Your goal
From the records below, count the lines containing the word "Crewneck" and give only that number.
________
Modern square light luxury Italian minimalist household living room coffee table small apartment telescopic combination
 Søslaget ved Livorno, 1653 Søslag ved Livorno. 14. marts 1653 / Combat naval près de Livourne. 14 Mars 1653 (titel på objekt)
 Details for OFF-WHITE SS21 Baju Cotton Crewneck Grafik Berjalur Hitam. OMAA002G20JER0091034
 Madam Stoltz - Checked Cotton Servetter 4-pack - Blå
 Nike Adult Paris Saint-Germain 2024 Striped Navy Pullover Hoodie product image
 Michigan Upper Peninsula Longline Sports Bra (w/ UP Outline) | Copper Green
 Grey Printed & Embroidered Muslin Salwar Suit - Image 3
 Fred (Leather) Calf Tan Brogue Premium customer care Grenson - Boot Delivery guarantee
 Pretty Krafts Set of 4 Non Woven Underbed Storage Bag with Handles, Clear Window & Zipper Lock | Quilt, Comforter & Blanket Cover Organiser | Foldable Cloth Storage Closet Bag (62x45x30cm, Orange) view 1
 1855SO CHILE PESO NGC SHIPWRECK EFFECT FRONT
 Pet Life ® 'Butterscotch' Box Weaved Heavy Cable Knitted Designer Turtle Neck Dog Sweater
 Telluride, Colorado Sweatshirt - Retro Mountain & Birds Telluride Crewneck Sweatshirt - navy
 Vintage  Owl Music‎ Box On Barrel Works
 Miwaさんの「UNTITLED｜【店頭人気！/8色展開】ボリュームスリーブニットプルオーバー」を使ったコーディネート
________
Finished exercise
2